When a user visits your site with an existing, valid, short-lived user access_token, you have the option to extend the expiration time of that access token. Our platform will only extend the expiration time once per day, so even if a user revisits your site multiple times a day, the token will be extended the first time requested. You must make sure to call the new endpoint below before the short-lived access_token expires. Currently the long-lived user access_token will be valid for 60 days while the short-lived user access_tokens are currently valid from 1 to 2 hours.
Once the migration setting has been enabled, Desktop applications will automatically get user access_tokens returned that have the longer expiration time. However, there is no way to get a long-lived user access_token without having the user login to your app again.
We released an update to our SDKs for iPhone and Android that will allow access_token expiration to be extended. If you continue to use an older version, and do not implement changes to extend the token, the user will have to re-login to your app periodically when the access_token expires. See the iOS and Android doc pages for more information:
Once the migration setting has been enabled, mobile applications using our newer SDKs will automatically be granted a user access_token with the longer expiration, you do not have to do anything to get this extended. Also, each day a user revisits your app, you will be granted a new user access_token with a fresh expiration time.

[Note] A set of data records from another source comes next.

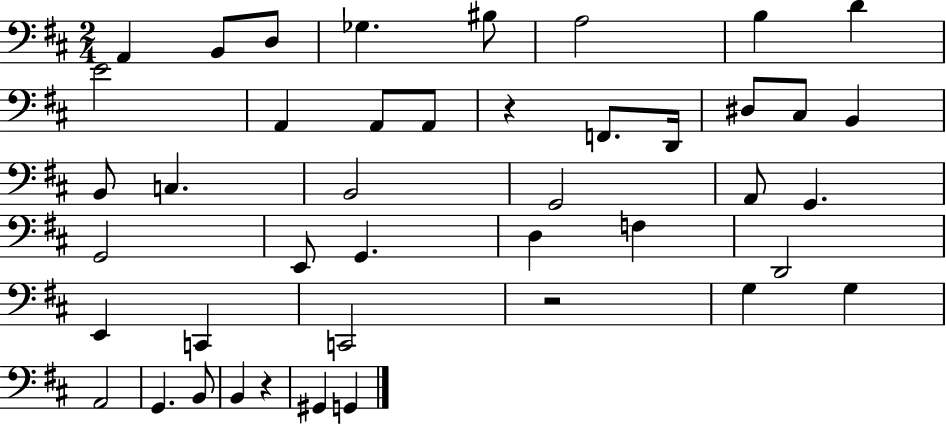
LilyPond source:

{
  \clef bass
  \numericTimeSignature
  \time 2/4
  \key d \major
  a,4 b,8 d8 | ges4. bis8 | a2 | b4 d'4 | \break e'2 | a,4 a,8 a,8 | r4 f,8. d,16 | dis8 cis8 b,4 | \break b,8 c4. | b,2 | g,2 | a,8 g,4. | \break g,2 | e,8 g,4. | d4 f4 | d,2 | \break e,4 c,4 | c,2 | r2 | g4 g4 | \break a,2 | g,4. b,8 | b,4 r4 | gis,4 g,4 | \break \bar "|."
}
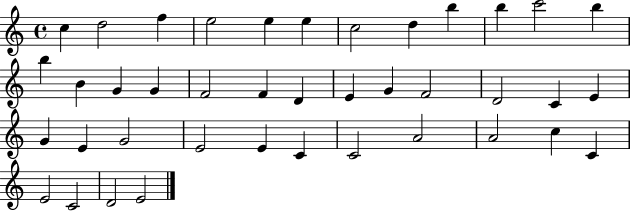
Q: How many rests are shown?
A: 0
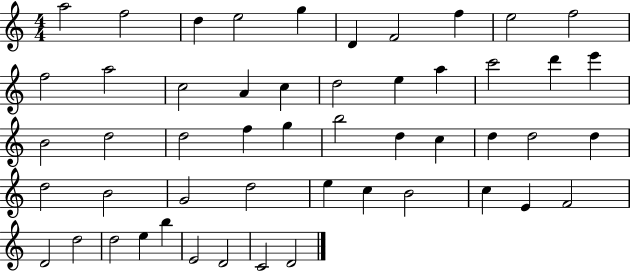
X:1
T:Untitled
M:4/4
L:1/4
K:C
a2 f2 d e2 g D F2 f e2 f2 f2 a2 c2 A c d2 e a c'2 d' e' B2 d2 d2 f g b2 d c d d2 d d2 B2 G2 d2 e c B2 c E F2 D2 d2 d2 e b E2 D2 C2 D2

Note: Each day, the access_token returned may or may not be the same access_token as the previous day.
Ads APIs are special cased to allow collection of statistics offline. PMD partners should use server-side OAuth flow in order to receive a non-expiring token rather than a token that has longer expiration time.
You will see a new migration called "deprecate offline_access" in your Advanced settings of the App Dashboard. Enable it and click "Save Changes" for the migration to take effect for that app. After the migration is enabled, apps can create and extend access tokens under the new token model. Additionally, if you were previously requesting the offline_access permission, that permission will no longer be displayed in the Login Dialog to new users.

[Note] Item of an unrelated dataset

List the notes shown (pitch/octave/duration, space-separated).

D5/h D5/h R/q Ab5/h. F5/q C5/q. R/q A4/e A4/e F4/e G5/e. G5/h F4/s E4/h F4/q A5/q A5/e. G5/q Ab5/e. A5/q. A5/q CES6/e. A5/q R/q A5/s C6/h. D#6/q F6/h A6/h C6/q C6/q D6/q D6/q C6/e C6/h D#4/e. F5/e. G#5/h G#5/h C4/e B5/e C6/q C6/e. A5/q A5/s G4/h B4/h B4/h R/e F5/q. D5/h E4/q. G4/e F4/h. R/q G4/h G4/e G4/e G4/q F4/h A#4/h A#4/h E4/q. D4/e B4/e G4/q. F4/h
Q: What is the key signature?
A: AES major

There are no required changes needed for your app to continue functioning. If you were obtaining user access_tokens through the signed_requests or those returned in a browser hash-tag (client-side), those tokens will have short expirations. You should consider using our new endpoint to exchange them for new access_tokens that have a longer expiration time. When you do the exchange, your short-lived access_token will continue to function until it expires, however, the new endpoint will return a second access_token that will have a much longer expiration and this is what you should use going forward.
Once the migration has been enabled, existing use access_tokens, with the offline_access permission, will continue to work without any change to their expiration time. However, new users to your app will not be prompted for the offline_access permission in the Login Dialog and will receive either a short-lived or long-lived access_token depending on your environment and how you are requesting the access_token (client or server-side OAuth, see Scenario 3 and 4 below).
After the offline_access removal date (see roadmap for exact date), all existing offline_access access_tokens will have their expiration time truncated to 60 days. This truncation will be transparent to the user and your app will continue functioning normally; Facebook will send an updated message through the weekly developer round-up when this truncation will occur.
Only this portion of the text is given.